Anaïs Bourgoin, qualifiée pour les demi-finales du 800 m

à franceinfo: sport

Surprise de cette modification, sa compatriote Léna Kandissounon, engagée sur la même distance, a échoué à profiter de cette chance supplémentaire. "Lancer ça aux JO, c'est assez dur. Les repêchages, c'est surtout difficile mentalement. C'est le jeu, ce sont les mêmes règles pour tout le monde, mais j'espère que ça va changer pour les prochains championnats", soufflait la Bretonne. De son côté, Maël Gouyette, éliminé à la suite des repêchages du 1 500 m, a pris cette course comme une occasion en plus d'apprendre et de côtoyer le très haut niveau international en vue de Los Angeles 2028.

Une rupture d'équité ?

Avec cette nouvelle règle, des stratégies pourraient naître. Sur des courses tactiques comme le 1 500 m, certains athlètes pourraient être tentés de couper leur effort s'ils ne sont pas présents dans l'emballage final ou s'ils ont été bousculés, histoire de garder des forces pour le repêchage. Avec ce tour en plus, certains coureurs arriveront toutefois en finale avec déjà trois courses dans les jambes, contre deux pour leurs concurrents.

"C'est un vrai handicap pour ceux qui ont deux tours à passer. Pour moi, l'intérêt de l'athlète et l'équité doivent passer avant le spectacle."
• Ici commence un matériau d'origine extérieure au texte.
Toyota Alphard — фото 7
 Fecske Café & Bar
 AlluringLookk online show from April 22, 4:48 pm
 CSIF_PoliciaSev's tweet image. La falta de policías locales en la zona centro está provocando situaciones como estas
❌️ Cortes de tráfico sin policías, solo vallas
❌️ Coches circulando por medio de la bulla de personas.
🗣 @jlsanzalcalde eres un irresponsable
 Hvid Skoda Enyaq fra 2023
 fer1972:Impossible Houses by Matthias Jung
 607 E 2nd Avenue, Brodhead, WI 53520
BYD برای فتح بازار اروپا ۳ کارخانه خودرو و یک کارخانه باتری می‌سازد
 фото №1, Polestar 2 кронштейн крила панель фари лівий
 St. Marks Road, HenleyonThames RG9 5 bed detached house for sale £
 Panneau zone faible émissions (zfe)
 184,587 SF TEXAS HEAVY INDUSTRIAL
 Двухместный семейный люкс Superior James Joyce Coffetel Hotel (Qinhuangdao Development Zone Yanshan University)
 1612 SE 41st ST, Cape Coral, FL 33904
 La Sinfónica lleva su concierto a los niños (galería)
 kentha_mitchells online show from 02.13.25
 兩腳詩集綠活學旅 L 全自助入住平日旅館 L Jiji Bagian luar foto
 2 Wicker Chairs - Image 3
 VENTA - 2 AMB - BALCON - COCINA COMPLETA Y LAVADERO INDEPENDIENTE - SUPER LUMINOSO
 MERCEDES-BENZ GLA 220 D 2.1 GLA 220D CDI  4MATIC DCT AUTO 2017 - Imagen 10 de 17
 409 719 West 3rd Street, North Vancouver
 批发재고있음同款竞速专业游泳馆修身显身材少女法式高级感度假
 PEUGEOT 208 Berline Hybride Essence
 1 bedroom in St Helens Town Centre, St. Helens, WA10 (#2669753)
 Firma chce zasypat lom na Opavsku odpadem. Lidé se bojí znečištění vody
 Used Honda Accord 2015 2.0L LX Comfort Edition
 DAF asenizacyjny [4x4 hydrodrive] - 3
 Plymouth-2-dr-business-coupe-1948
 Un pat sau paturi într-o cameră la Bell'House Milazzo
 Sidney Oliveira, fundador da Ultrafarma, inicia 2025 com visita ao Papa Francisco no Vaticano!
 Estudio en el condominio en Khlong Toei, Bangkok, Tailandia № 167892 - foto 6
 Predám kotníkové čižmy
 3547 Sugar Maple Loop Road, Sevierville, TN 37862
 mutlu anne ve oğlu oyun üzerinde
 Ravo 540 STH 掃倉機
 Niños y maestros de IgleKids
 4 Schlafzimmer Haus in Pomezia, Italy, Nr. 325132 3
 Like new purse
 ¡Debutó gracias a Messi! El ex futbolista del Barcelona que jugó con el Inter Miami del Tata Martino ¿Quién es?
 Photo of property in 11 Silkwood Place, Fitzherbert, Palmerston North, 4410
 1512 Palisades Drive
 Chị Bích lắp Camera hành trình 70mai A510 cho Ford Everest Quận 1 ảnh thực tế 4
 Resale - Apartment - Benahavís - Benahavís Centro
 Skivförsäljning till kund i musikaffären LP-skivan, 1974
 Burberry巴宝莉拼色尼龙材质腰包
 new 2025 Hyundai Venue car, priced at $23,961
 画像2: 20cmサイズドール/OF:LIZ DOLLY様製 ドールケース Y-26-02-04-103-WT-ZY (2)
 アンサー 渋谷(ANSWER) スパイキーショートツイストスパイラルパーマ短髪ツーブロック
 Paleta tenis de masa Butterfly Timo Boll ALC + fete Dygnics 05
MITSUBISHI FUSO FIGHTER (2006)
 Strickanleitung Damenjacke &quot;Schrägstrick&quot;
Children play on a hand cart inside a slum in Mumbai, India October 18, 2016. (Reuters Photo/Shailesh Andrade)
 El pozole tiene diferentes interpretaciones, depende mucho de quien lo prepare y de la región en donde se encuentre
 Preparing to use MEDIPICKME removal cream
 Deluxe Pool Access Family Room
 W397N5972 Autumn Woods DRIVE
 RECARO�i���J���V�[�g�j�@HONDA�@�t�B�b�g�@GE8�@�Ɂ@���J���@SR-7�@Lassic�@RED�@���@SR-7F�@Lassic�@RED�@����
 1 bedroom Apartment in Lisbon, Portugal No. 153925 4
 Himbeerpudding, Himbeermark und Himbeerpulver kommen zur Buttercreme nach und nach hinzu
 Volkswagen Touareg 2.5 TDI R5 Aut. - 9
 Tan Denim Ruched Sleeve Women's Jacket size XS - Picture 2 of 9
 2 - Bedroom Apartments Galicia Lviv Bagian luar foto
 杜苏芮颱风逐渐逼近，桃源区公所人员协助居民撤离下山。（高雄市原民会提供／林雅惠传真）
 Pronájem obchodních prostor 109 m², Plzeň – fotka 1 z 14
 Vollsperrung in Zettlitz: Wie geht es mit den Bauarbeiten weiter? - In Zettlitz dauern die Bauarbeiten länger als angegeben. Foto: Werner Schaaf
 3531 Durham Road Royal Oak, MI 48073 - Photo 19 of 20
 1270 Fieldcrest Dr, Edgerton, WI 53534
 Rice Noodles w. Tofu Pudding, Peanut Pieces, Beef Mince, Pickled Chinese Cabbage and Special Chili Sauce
Stéphane Diagana, consultant pour France Télévisions

à franceinfo: sport

"Sportivement parlant, il n'y a pas une grande équité, acquiesce Maryse Ewanjé-Epée. Surtout quand on voit que les séries étaient vendredi soir et les repêchages pour les filles du 800 m samedi matin. C'est très rude." Vainqueur de son repêchage du 1 500 m, samedi 3 août le Français Azeddine Habz refusait de se trouver des excuses à l'avance. "J'ai l'habitude d'enchaîner les courses. J'ai vingt-quatre heures pour récupérer, demain est un autre jour", assurait le Tricolore. S'il parvient dimanche à se qualifier pour la finale, Azeddine Habz aura cette fois quarante-huit heures pour souffler avant de jouer la médaille.